YOUR OBJECTIVE
Could you restate word for word each line from the top of the listing below through the line containing "Also, it's very"? Keep the pictures out.

PROVIDED MATERIAL
::::::::
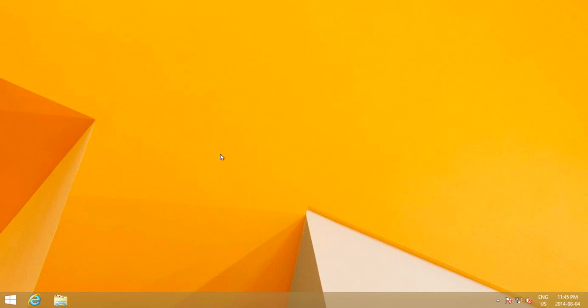Hi, in this video I'm going to show you what to do if you have lost all the icons on your Windows 8.1 desktop.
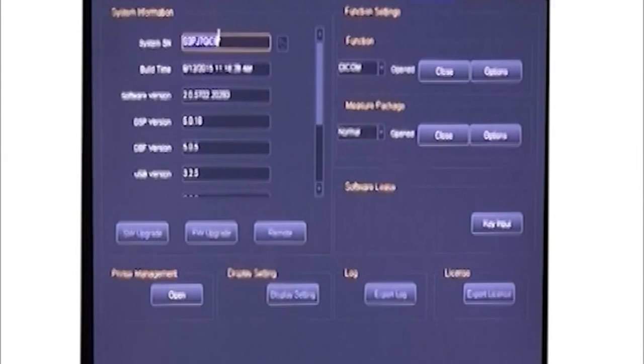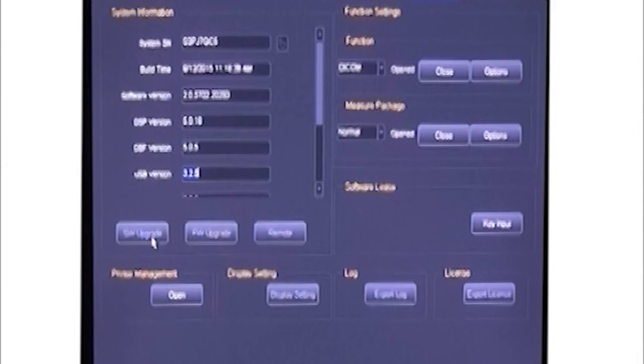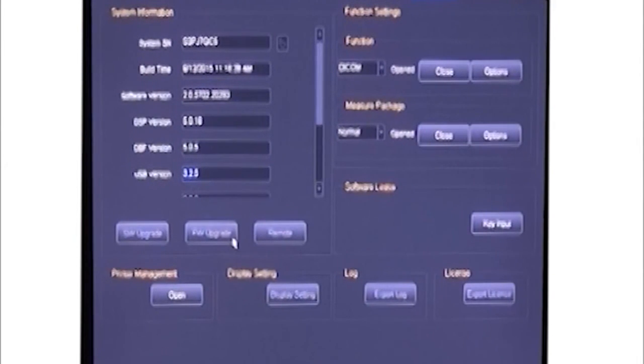Also, it's very convenient to upgrade the system. First, press this key to upgrade software. Then, press this key to upgrade FPGA.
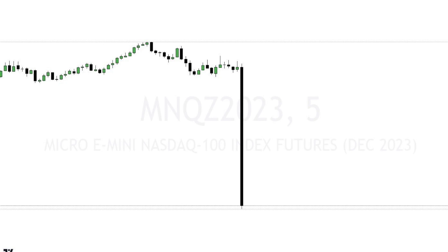A lot of people out there seem to know how to predict the news event and in which direction it's going. There's no way to convince me that these people know where it's going or can predict it in any way. In my opinion it's completely gambling, I would never do it. So what I do is trade the minutes after the initial move has happened.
::::::::
ANSWER FOR THE TASK
Hi, in this video I'm going to show you what to do if you have lost all the icons on your Windows 8.1 desktop.
Also, it's very convenient to upgrade the system. First, press this key to upgrade software. Then, press this key to upgrade FPGA.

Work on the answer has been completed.